» **TASK TO CARRY OUT**
Reproduce the lines below exactly, from the one containing "大容量衣物旅行包学生住校卡通毛毡包收纳袋拉..." through the one containing "συγγνώμη από τους", both included. Leave out any pictures.

» **Brief descriptive captions**
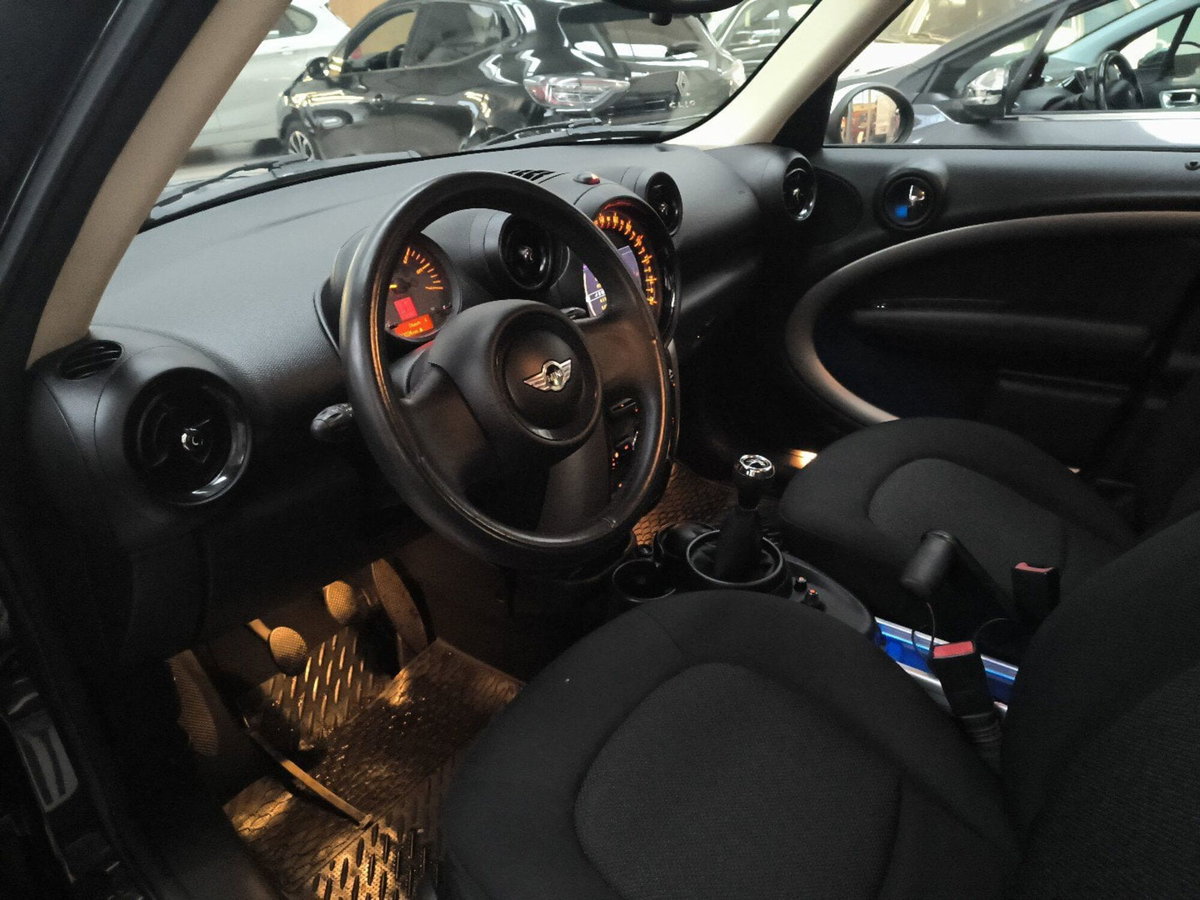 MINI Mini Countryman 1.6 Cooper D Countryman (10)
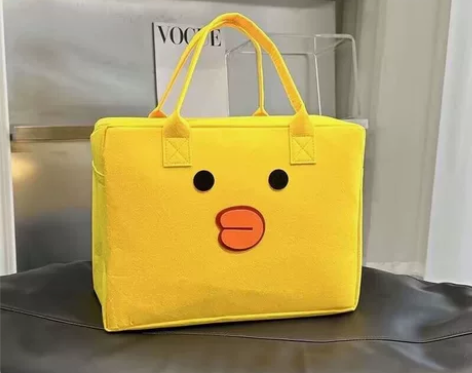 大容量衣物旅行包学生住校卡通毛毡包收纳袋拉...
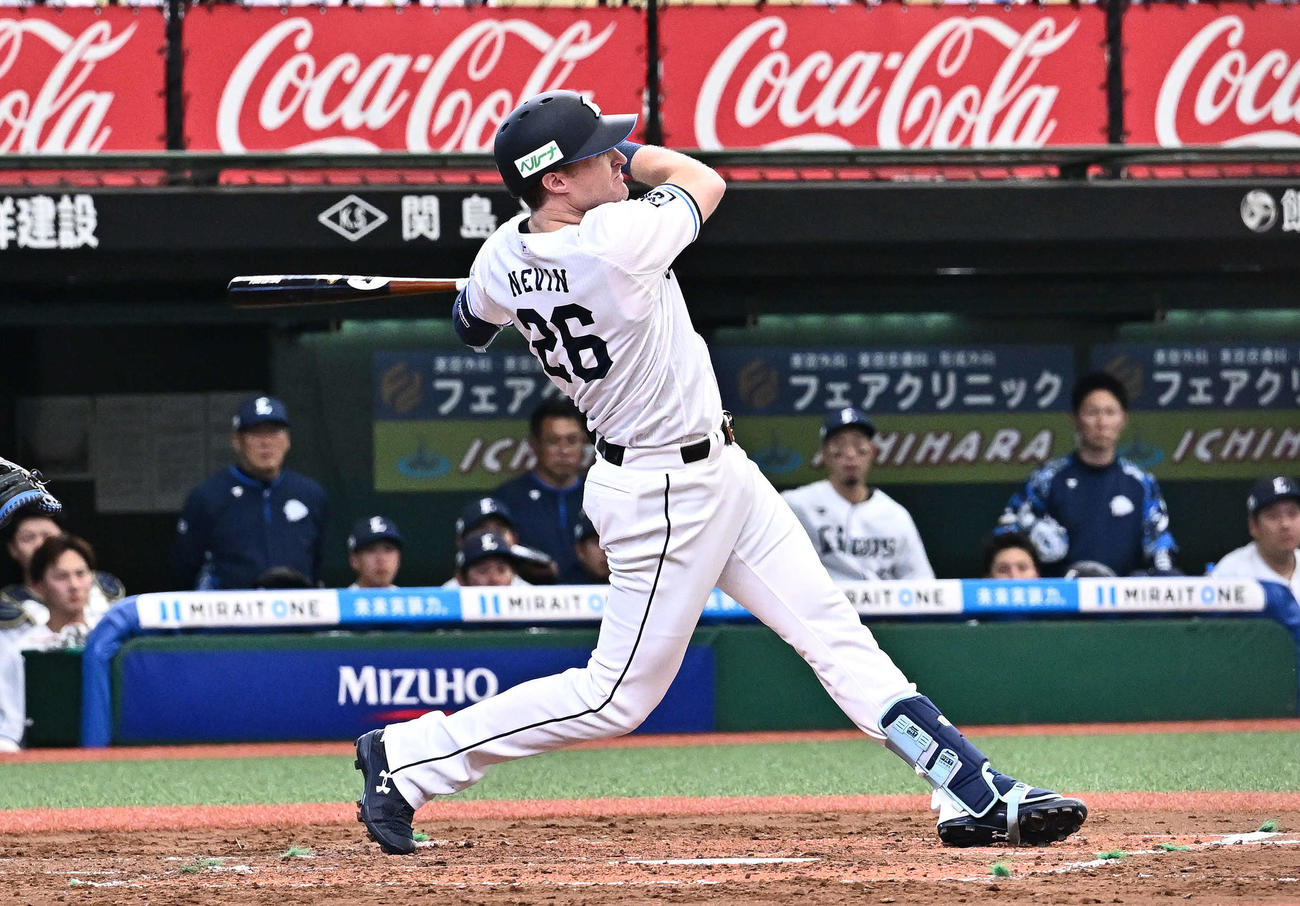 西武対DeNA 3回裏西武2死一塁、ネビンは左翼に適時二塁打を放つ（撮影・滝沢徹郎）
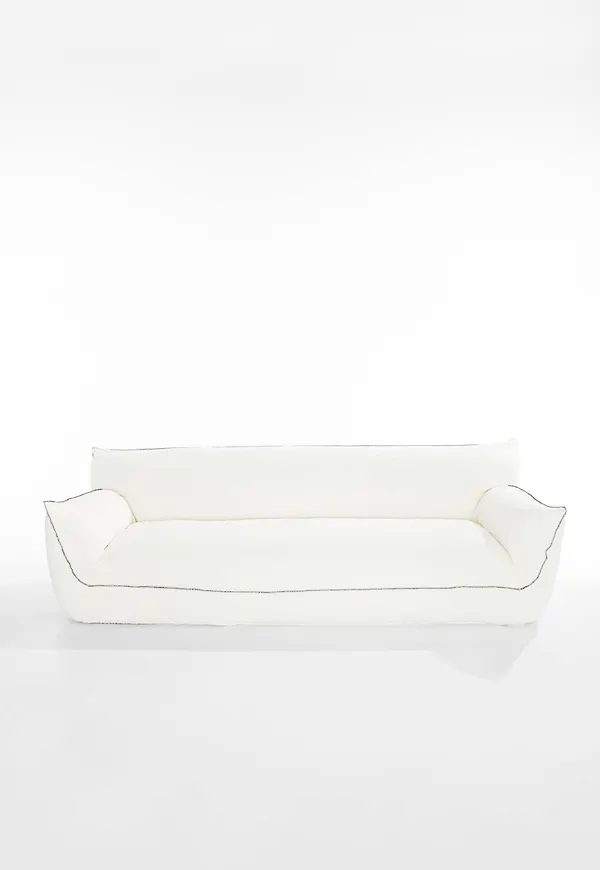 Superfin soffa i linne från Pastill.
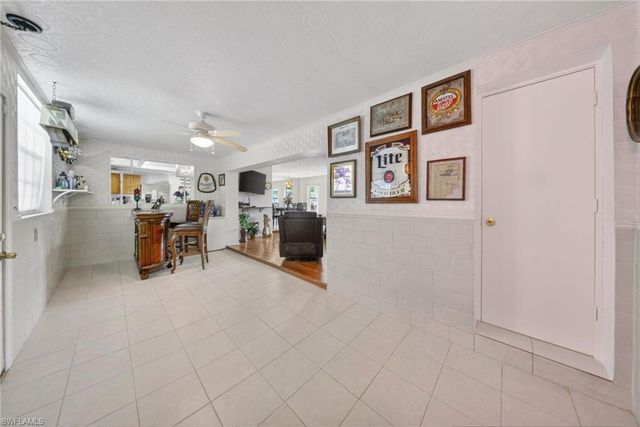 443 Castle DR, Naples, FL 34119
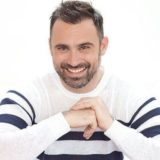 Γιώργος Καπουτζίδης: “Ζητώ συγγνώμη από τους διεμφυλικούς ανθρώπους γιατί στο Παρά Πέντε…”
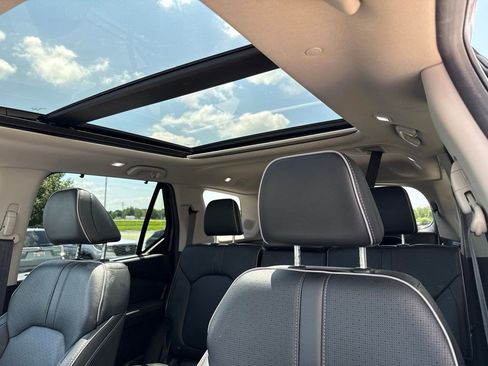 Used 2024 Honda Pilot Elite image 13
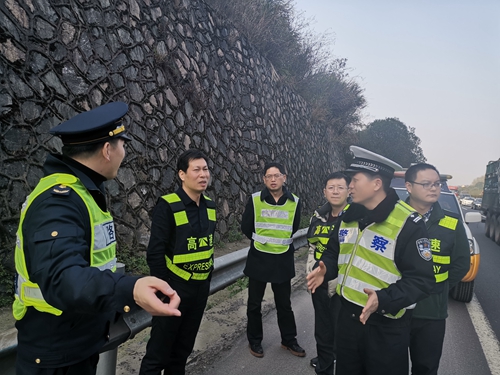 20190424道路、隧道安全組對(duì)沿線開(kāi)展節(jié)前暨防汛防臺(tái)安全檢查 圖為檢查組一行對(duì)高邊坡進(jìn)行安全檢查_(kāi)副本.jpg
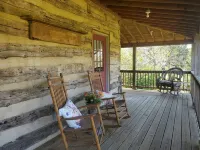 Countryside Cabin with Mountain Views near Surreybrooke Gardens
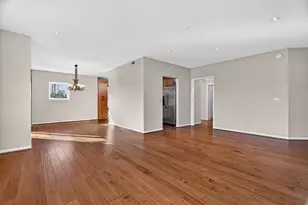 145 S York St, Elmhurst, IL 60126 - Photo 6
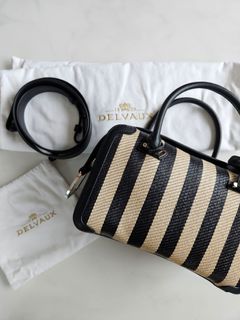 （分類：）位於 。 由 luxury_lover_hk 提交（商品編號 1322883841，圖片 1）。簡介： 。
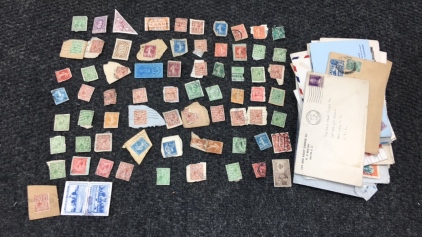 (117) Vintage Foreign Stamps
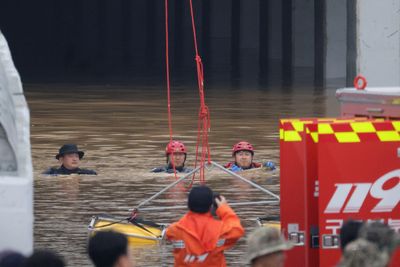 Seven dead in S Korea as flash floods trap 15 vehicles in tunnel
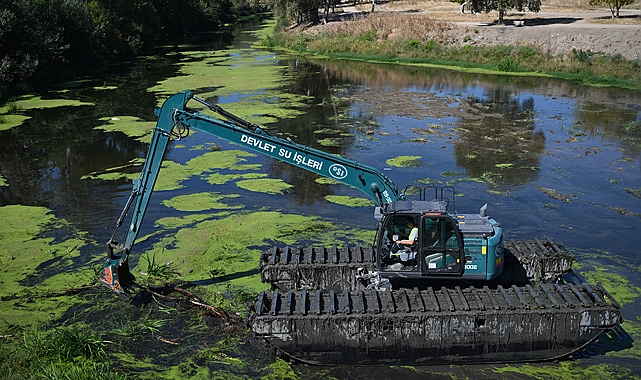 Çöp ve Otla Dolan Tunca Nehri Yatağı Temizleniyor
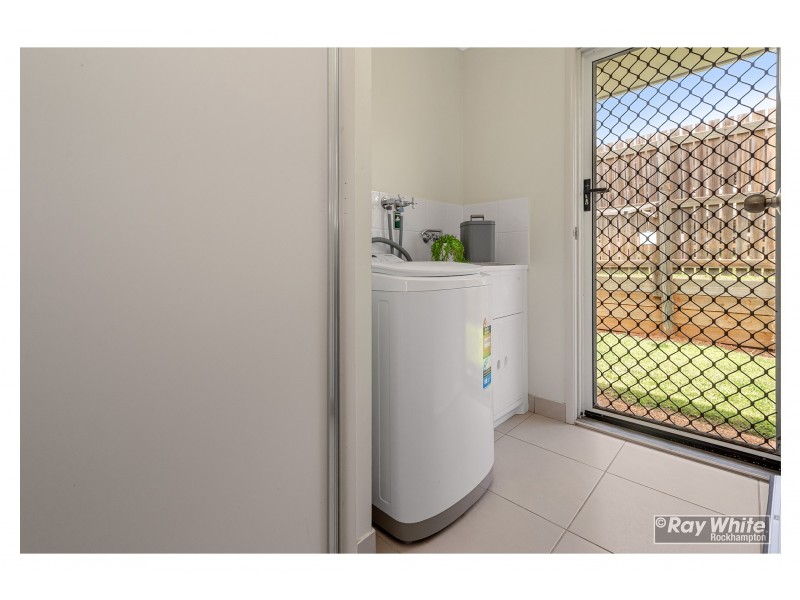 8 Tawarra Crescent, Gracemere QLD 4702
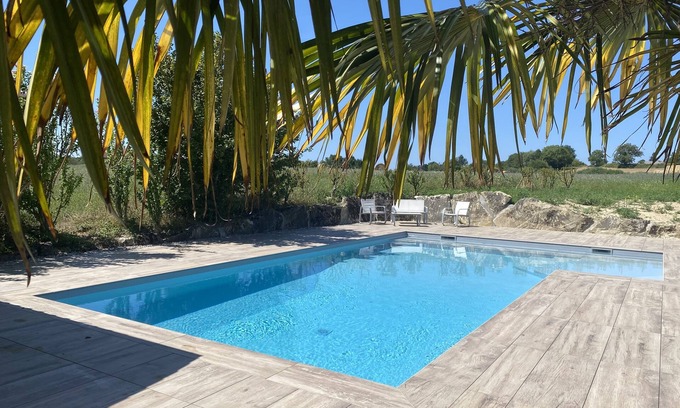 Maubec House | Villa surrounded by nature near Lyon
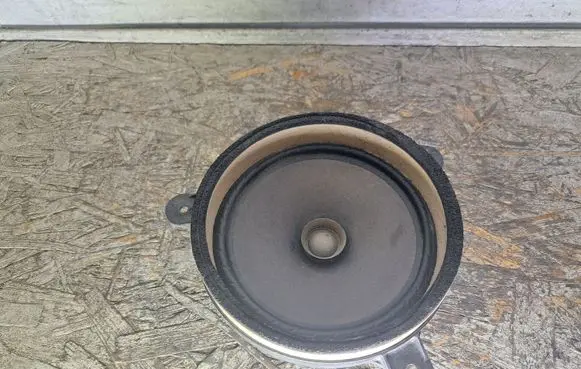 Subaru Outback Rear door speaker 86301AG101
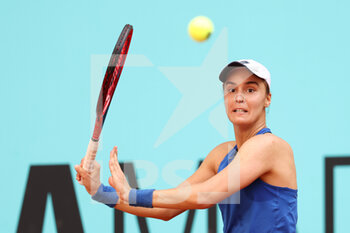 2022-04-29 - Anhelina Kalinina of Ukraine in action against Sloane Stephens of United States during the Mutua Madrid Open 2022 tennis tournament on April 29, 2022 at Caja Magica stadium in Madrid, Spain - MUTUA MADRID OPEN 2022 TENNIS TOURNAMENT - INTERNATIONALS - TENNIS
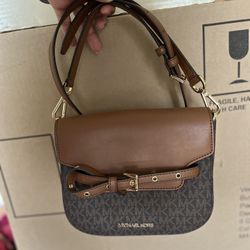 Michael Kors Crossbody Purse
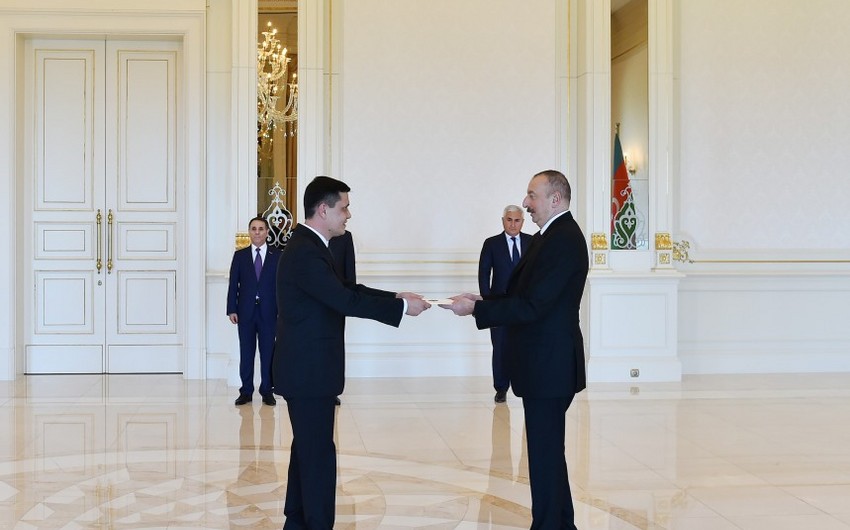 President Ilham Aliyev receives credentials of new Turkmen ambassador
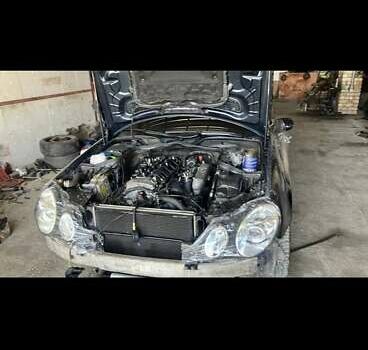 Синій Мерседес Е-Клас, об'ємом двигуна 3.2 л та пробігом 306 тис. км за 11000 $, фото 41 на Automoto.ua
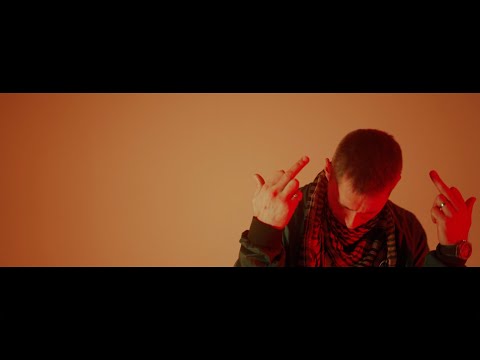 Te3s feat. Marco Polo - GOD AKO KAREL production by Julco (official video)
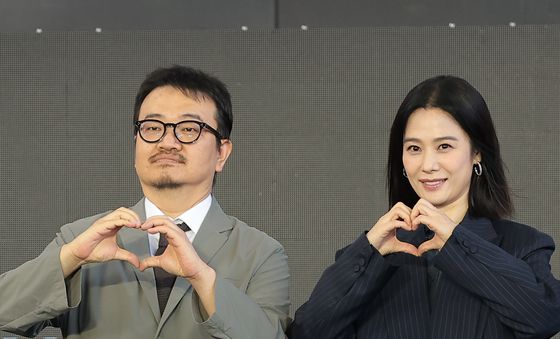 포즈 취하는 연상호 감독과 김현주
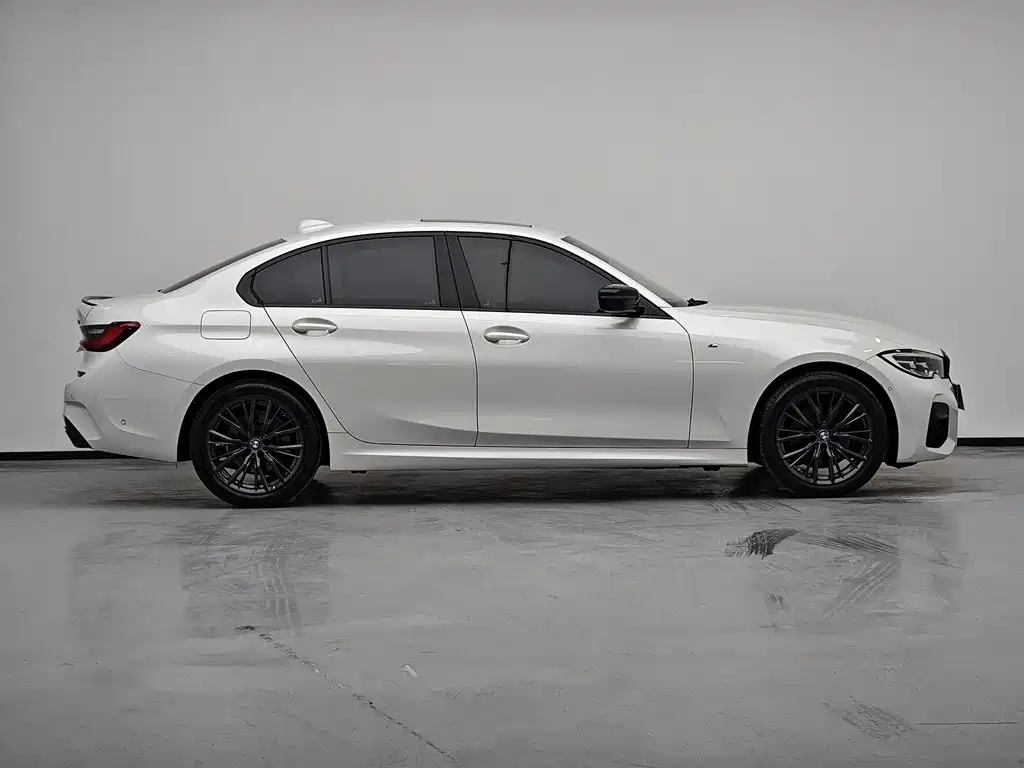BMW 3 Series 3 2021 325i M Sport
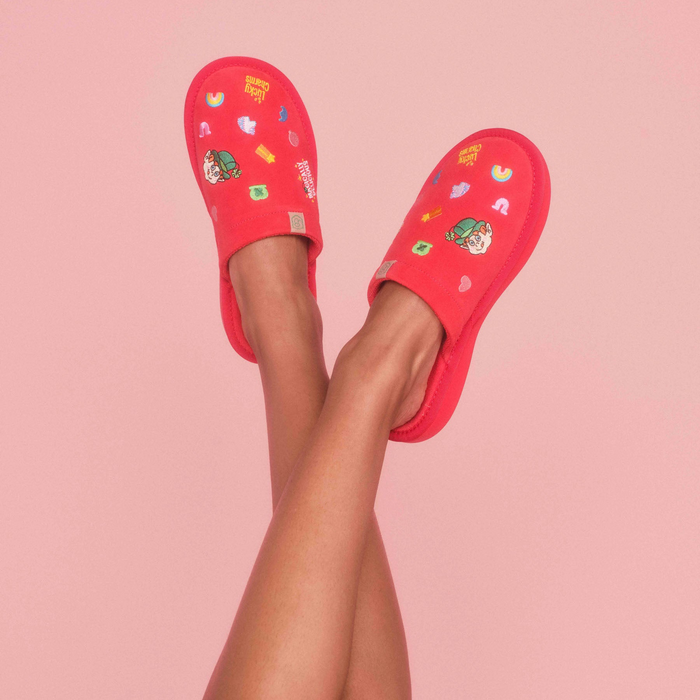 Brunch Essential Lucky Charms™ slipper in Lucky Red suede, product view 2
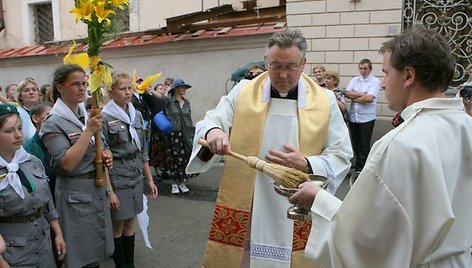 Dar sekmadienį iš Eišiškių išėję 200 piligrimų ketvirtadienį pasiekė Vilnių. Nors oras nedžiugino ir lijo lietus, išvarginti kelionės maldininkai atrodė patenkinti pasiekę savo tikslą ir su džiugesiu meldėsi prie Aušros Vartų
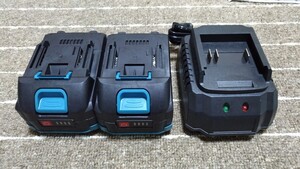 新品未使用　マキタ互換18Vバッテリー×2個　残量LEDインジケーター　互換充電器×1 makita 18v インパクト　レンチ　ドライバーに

» **SOLUTION FOR THIS TASK**
 大容量衣物旅行包学生住校卡通毛毡包收纳袋拉...
 西武対DeNA 3回裏西武2死一塁、ネビンは左翼に適時二塁打を放つ（撮影・滝沢徹郎）
 Superfin soffa i linne från Pastill.
 443 Castle DR, Naples, FL 34119
 Γιώργος Καπουτζίδης: “Ζητώ συγγνώμη από τους διεμφυλικούς ανθρώπους γιατί στο Παρά Πέντε…”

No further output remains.